*Crawled caption data*
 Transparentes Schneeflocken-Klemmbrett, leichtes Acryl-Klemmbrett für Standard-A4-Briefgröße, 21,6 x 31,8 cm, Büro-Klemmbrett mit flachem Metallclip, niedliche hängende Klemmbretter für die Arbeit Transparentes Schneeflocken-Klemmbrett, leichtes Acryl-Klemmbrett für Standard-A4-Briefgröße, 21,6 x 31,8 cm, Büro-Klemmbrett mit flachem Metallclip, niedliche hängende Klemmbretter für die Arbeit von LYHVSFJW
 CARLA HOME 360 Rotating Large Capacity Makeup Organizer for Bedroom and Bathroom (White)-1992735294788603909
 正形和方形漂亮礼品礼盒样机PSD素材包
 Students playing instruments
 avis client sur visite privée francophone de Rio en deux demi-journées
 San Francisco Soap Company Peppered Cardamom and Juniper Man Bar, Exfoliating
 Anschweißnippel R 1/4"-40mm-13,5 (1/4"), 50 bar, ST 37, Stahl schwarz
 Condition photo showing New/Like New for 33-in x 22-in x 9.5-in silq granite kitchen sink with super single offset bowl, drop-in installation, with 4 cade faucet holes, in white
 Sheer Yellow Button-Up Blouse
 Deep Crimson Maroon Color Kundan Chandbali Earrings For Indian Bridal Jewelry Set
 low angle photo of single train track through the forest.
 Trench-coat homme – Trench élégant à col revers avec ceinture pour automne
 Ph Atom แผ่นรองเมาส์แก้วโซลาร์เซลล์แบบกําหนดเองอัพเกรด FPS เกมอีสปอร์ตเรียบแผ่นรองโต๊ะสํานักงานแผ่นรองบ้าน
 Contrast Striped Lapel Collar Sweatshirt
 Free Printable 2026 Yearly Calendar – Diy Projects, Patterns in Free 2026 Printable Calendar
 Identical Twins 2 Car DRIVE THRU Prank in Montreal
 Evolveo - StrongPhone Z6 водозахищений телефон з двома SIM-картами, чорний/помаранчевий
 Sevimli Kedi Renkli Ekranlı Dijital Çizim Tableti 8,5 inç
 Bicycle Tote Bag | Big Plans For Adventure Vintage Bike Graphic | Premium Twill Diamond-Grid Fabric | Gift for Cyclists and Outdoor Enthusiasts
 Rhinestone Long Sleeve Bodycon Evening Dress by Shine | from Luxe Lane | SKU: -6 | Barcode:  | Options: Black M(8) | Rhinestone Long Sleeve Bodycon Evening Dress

*How to complete this task*
The answer should consist solely of the lines from the first line above through the one with "avis client sur", both included, repeated exactly.

*Task output*
 Transparentes Schneeflocken-Klemmbrett, leichtes Acryl-Klemmbrett für Standard-A4-Briefgröße, 21,6 x 31,8 cm, Büro-Klemmbrett mit flachem Metallclip, niedliche hängende Klemmbretter für die Arbeit Transparentes Schneeflocken-Klemmbrett, leichtes Acryl-Klemmbrett für Standard-A4-Briefgröße, 21,6 x 31,8 cm, Büro-Klemmbrett mit flachem Metallclip, niedliche hängende Klemmbretter für die Arbeit von LYHVSFJW
 CARLA HOME 360 Rotating Large Capacity Makeup Organizer for Bedroom and Bathroom (White)-1992735294788603909
 正形和方形漂亮礼品礼盒样机PSD素材包
 Students playing instruments
 avis client sur visite privée francophone de Rio en deux demi-journées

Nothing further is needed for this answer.